▶ **DATASET CONTENT**:
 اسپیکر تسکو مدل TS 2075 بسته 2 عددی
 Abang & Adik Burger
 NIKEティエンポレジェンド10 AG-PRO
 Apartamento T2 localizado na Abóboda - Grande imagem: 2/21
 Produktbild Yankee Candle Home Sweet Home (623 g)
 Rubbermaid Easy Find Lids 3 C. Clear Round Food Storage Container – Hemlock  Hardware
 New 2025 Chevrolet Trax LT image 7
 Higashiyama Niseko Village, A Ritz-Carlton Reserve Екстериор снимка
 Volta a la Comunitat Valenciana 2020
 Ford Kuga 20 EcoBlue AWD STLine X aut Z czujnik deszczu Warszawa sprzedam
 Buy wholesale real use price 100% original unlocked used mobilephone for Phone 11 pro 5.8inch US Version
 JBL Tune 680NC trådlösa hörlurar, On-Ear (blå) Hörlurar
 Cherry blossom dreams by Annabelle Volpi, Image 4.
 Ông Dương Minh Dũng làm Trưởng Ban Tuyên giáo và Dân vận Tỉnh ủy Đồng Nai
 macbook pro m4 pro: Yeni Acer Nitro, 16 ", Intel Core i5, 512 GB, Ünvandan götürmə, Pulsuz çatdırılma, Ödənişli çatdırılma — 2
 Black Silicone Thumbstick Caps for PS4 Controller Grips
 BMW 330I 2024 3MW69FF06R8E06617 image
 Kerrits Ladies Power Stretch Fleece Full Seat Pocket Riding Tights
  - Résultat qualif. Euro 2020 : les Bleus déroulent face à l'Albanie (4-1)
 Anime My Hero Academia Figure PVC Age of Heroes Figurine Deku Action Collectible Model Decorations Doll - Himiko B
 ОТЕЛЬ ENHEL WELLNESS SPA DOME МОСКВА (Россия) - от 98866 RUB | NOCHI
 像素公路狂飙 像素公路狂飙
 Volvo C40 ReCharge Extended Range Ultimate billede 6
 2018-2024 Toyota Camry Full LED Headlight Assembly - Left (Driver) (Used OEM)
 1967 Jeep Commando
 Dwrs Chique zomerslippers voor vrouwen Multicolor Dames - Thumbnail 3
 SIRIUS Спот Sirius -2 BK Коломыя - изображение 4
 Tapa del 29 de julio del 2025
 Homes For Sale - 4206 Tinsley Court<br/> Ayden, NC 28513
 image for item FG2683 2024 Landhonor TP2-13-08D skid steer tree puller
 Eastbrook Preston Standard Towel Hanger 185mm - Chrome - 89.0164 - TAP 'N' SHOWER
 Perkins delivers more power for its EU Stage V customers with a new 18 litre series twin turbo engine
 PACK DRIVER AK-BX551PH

▶ **YOUR ASSIGNMENT**:
Return a word-for-word copy of the lines from the beginning of the listing to the line holding "Rubbermaid Easy Find", both kept.

▶ **EXPECTED ANSWER**:
 اسپیکر تسکو مدل TS 2075 بسته 2 عددی
 Abang & Adik Burger
 NIKEティエンポレジェンド10 AG-PRO
 Apartamento T2 localizado na Abóboda - Grande imagem: 2/21
 Produktbild Yankee Candle Home Sweet Home (623 g)
 Rubbermaid Easy Find Lids 3 C. Clear Round Food Storage Container – Hemlock  Hardware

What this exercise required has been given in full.